How can a pathological input exist for an std::unordered_set?

The input file you've provided consists of successive integers congruent to 1 modulo 107897. So what is most likely happening is that, at some point when the load factor crosses a threshold, the particular library implementation you're using resizes the table, using a table with 107897 entries, so that a key with hash value h would be mapped to the bucket h % 107897. Since each integer's hash is itself, this means all the integers that are in the table so far are suddenly mapped to the same bucket. This resizing itself should only take linear time. However, each subsequent insertion after that point will traverse a linked list that contains all the existing values, in order to make sure it's not equal to any of the existing values. So each insertion will take linear time until the next time the table is resized.

In principle the unordered_set implementation could avoid this issue by also resizing the table when any one bucket becomes too long. However, this raises the question of whether this is a hash collision with a reasonable hash function (thus requiring a resize), or the user was just misguided and hashed every key to the same value (in which case the issue will persist regardless of the table size). So maybe that's why it wasn't done in this particular library implementation.
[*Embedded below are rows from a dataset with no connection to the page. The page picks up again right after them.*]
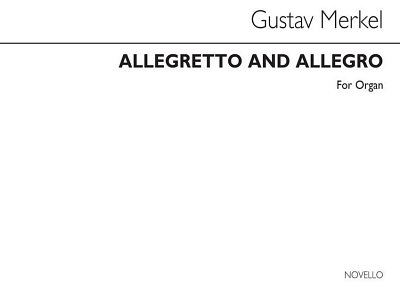 G.A. Merkel: Allegretto And Allegro (From Op.117, Org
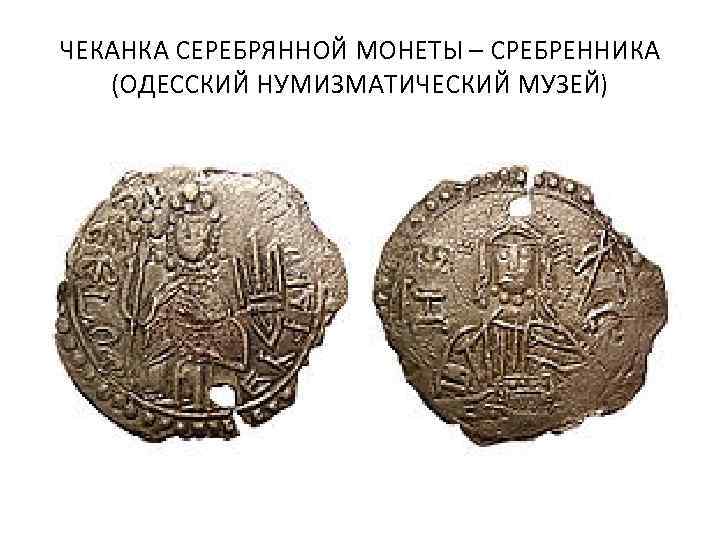 ЧЕКАНКА СЕРЕБРЯННОЙ МОНЕТЫ – СРЕБРЕННИКА (ОДЕССКИЙ НУМИЗМАТИЧЕСКИЙ МУЗЕЙ) 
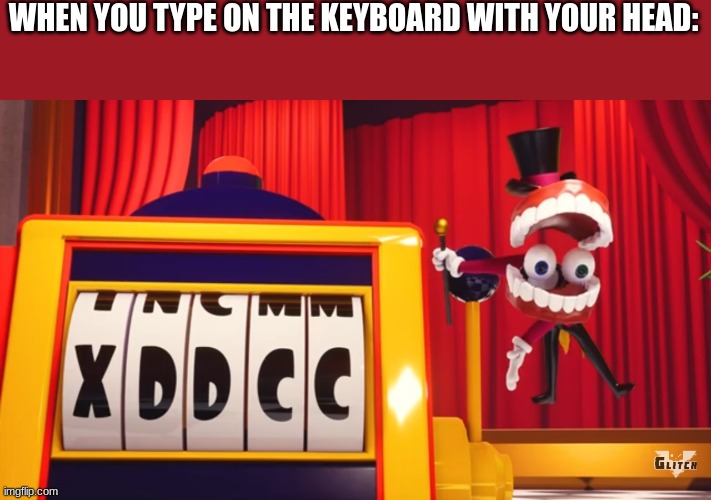What do you think of "XDDCC"? | WHEN YOU TYPE ON THE KEYBOARD WITH YOUR HEAD: | image tagged in what do you think of xddcc | made w/ Imgflip meme maker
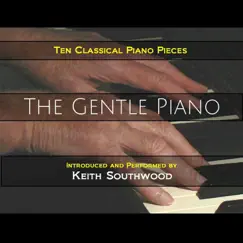 The Gentle Piano by Keith Southwood album reviews, ratings, credits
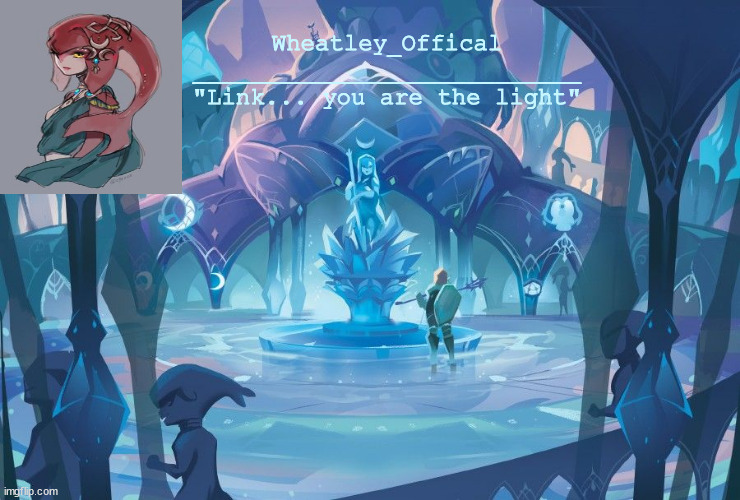 Wheatley_Offical
___________________________
"Link... you are the light" | made w/ Imgflip meme maker
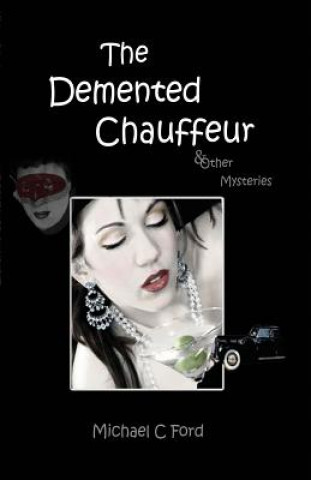 Книга Demented Chauffeur Michael C. Ford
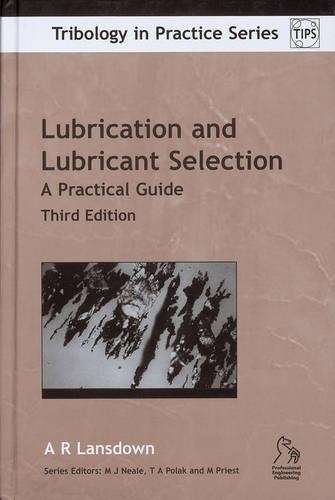 Бумажная книга «Lubrication and Lubricant Selection: A Practical Guide», автор А. Р. Лэнсдаун - фото №1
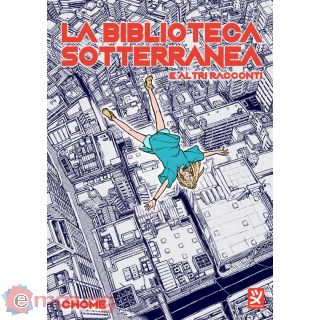 La Biblioteca Sotterranea e Altri Racconti. Volume Unico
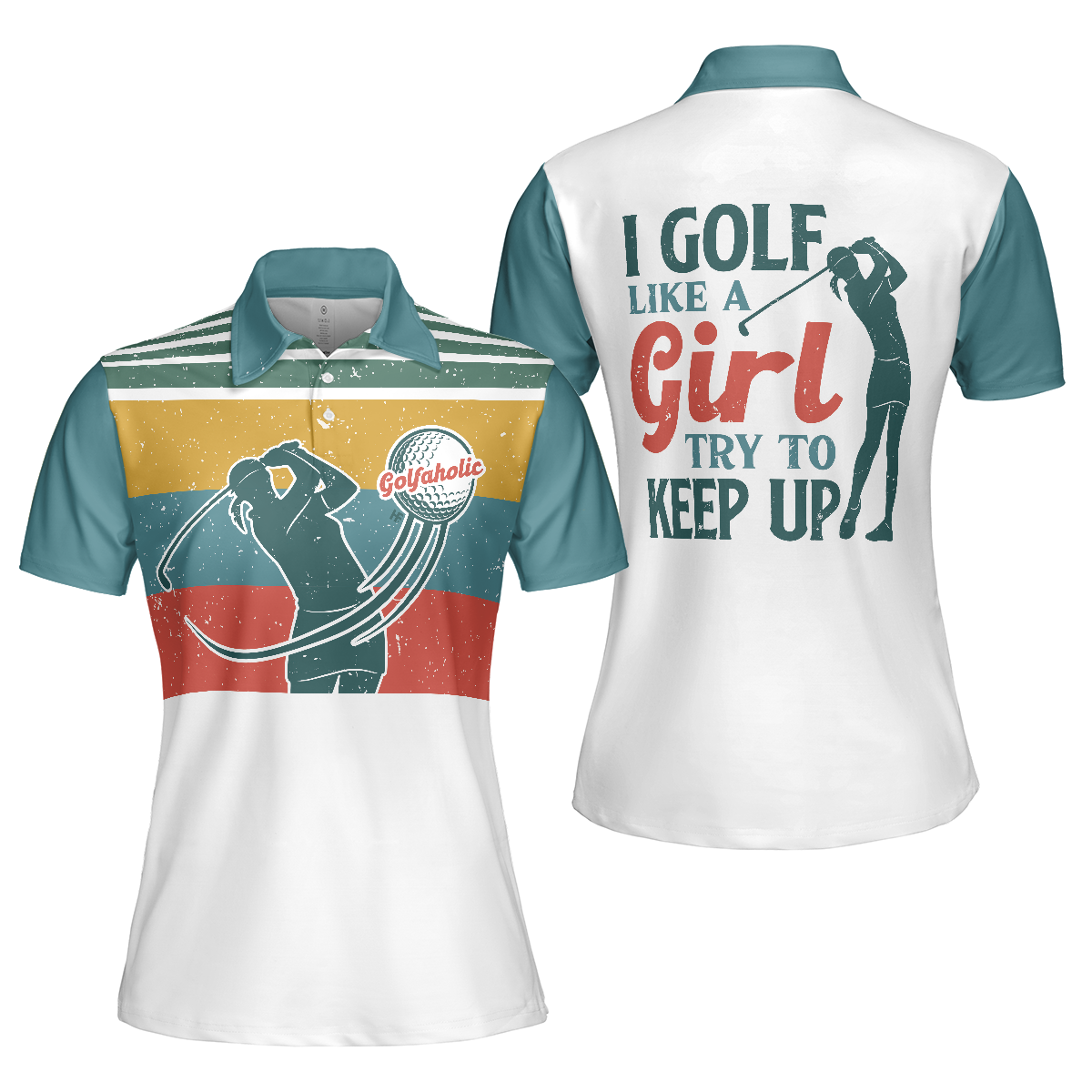 I Golf Like A Girl Try To Keep Up Short Sleeve Women Polo Shirt, Colorful Golf Shirt For Ladies, Unique Female Golf Gift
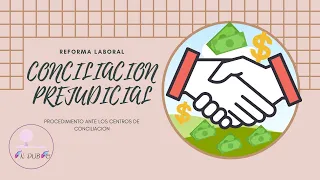 CONCILIACIÓN PREJUDICIAL LABORAL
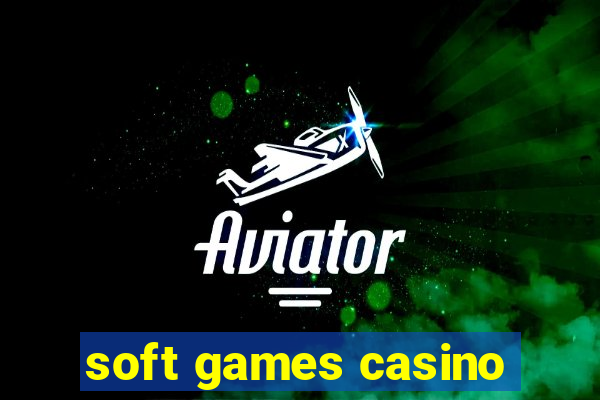 soft games casino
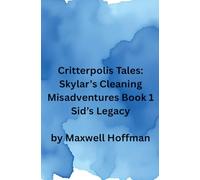 Critterpolis Tales: Skylar's Cleaning Misadventures Book 1 Sid's Legacy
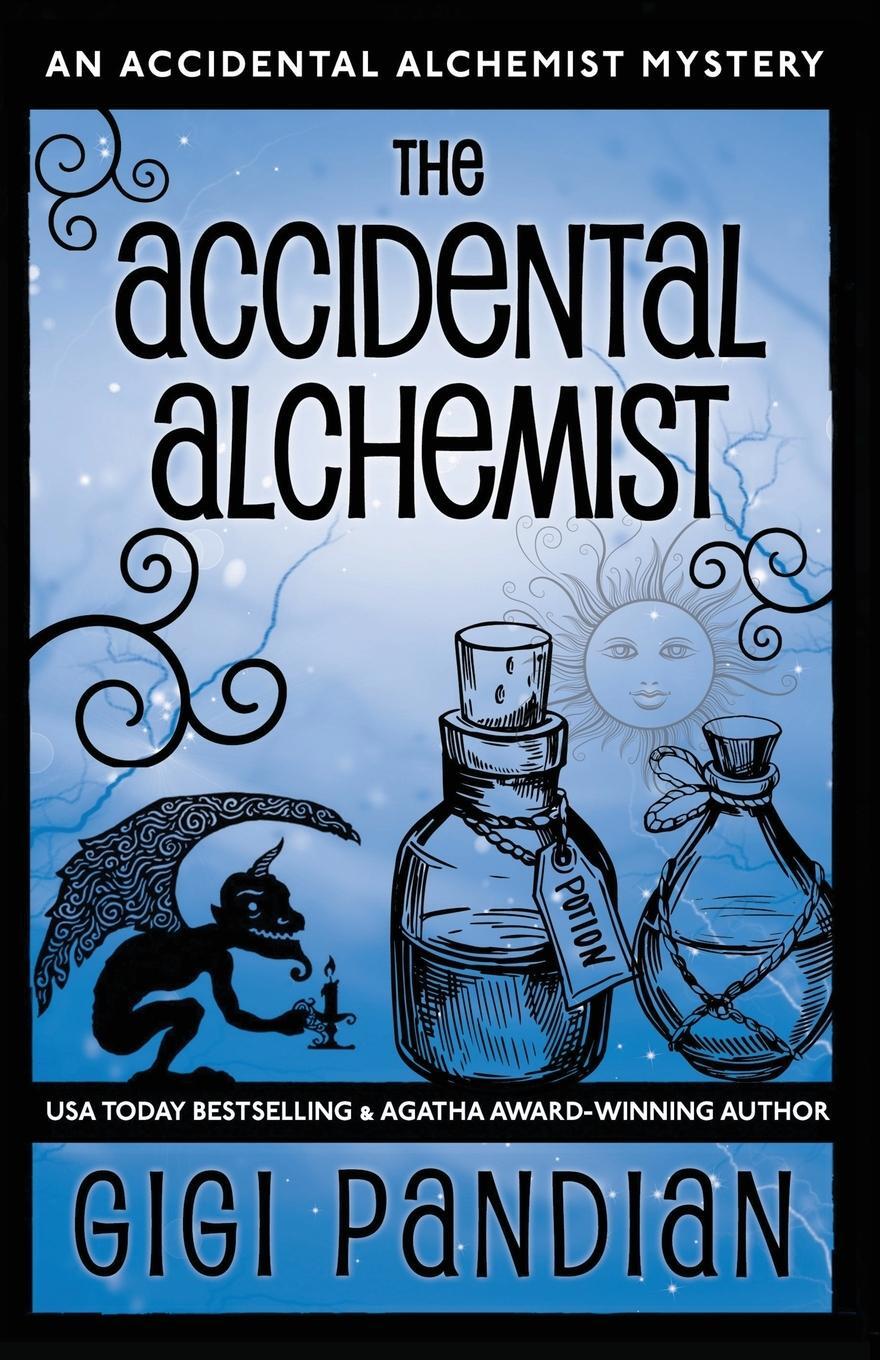 Cover: 9781938213144 | The Accidental Alchemist | An Accidental Alchemist Mystery | Pandian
See also https://codeforces.com/blog/entry/62393 (an application of this phenomenon to get points on Codeforces contests).


Your program works absolutely fine. There is nothing wrong with the hash algorithm, collisions, or anything of the like.

The thottling you are seeing is from the console i/o when you attempt to paste 200000 numbers into the window. That's why it chokes. Redirect from file and it works fine and returns the result almost instantly.

C:\Users\selbie\source\repos\ConsoleApplication126\Debug>ConsoleApplication126.exe  < d:/test.txt
200000

All the numbers in your test input file are unique, so the output is 200000.